En termes de performances, le bilan est clair et plutôt positif, du moins sur le papier. Les tests effectués montrent une augmentation proche de 8% sur Geekbench 6aussi bien en monocœur que multicœur, ce qui constitue une amélioration notable sans avoir à toucher aux configurations. Cette augmentation vient grâce à une optimisation plus efficace de l’utilisation du processeur, ce sur quoi Intel a travaillé directement dans ses laboratoires.

Dans les jeux vidéo, les comportements sont plus variables, mais aussi prometteurs. Des titres comme Cyberpunk 2077 connaissent des améliorations plus contenues, tandis que d’autres, comme L’Ombre du Tomb Raider Ils peuvent atteindre jusqu’à 22% de performances supplémentaires grâce à cet outil. Pour le moment, la compatibilité est limitée à seulement 12 jeux, même si Intel a déjà confirmé qu’il élargirait cette liste avec de futures mises à jour.

Une optimisation au niveau binaire qui ne touche pas au code original

L’un des aspects les plus intéressants de cette technologie est son fonctionnement interne.

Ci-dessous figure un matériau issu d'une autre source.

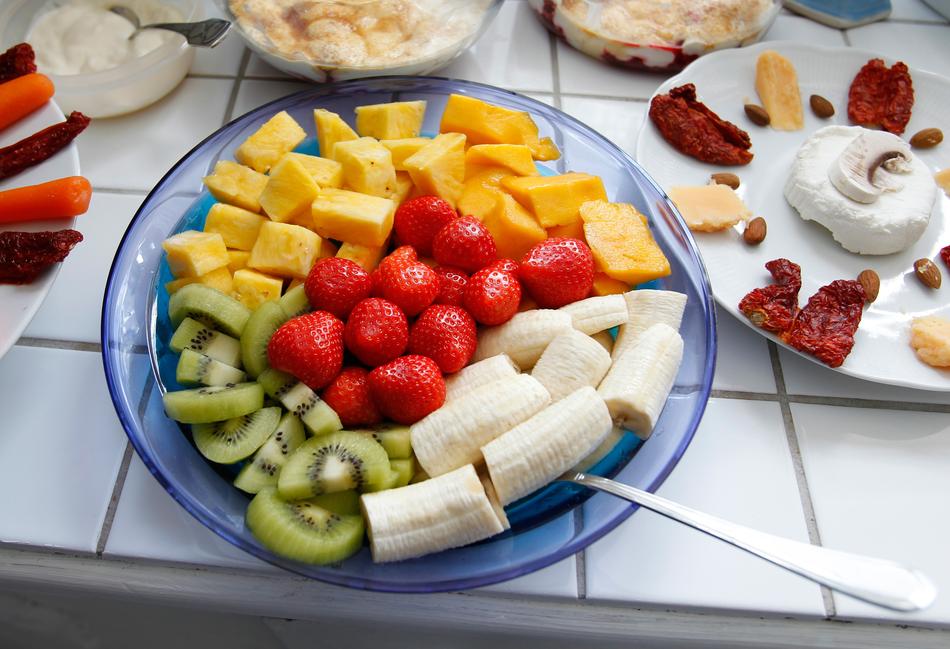 Sweet fruit in a plate of slices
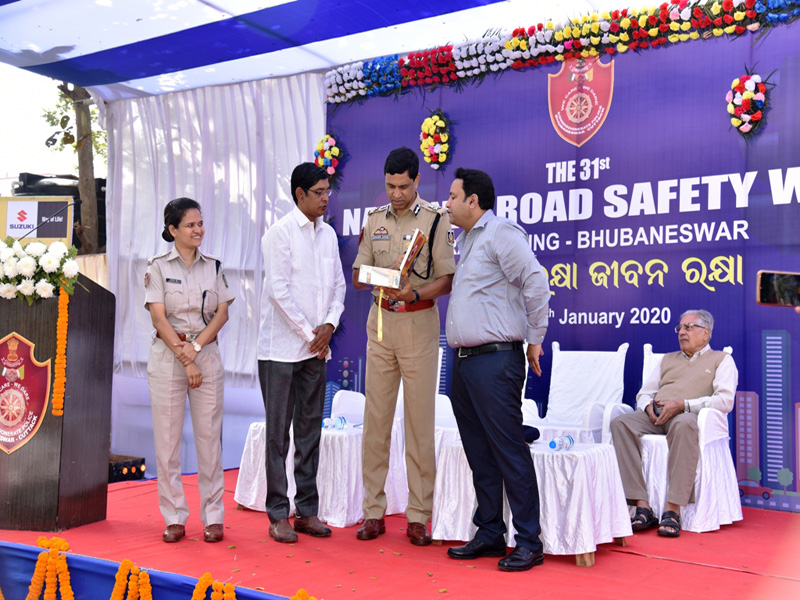 31st National Road Safety Week from 11-17 January 2020. CP inaugurated week long Traffic Awareness programmes flagging off an All Women Bike Rally led by DCP Traffic Sagarika Nath, a photo gallery, a sand art & provisioning of First-Aid kits at all Traffic posts on 11.01.2020…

L’outil est basé sur la technologie Intel APO et analyse les charges de travail au niveau microarchitectural pour détecter les inefficacités dans l’utilisation de l’IPC. À partir de là, Intel génère des versions optimisées du code directement au niveau binaire, sans avoir besoin d’accéder au code source ni de modifier l’exécutable d’origine.

Lorsque l’utilisateur active cette fonction, un service en arrière-plan se charge de rediriger l’exécution vers ces routes optimisées. Tout cela se produit de manière transparente, sans intervention de l’utilisateur et sans altération du fichier original sur le disque. Il s’agit d’une approche très similaire à celle utilisée par les pilotes graphiques lors de l’optimisation des shaders dans les jeux, transférant désormais ce concept au domaine des processeurs.

Une arme puissante pour le gaming, mais controversée dans les tests de performances

Du point de vue de l’utilisateur, notamment dans le domaine des jeux, cet outil représente un net avantage : plus de performances sans surcoût et sans complications. Il n’y a pas de perte de qualité ni de réduction de la charge de travail, simplement une meilleure organisation des instructions pour tirer le meilleur parti du matériel disponible. Cela en fait une solution très intéressante pour éliminer les processeurs compatibles.

Cependant, dans le domaine des benchmarks, la situation est très différente. S’agissant d’un système fermé et non transparent, beaucoup le considèrent comme une sorte de « boîte noire »où l’on ne sait pas exactement quels changements sont appliqués. Cela rend difficile les comparaisons équitables entre les plates-formes et ouvre un nouveau débat dans l’industrie sur la manière de mesurer les performances réelles à une époque où les logiciels jouent également un rôle clé.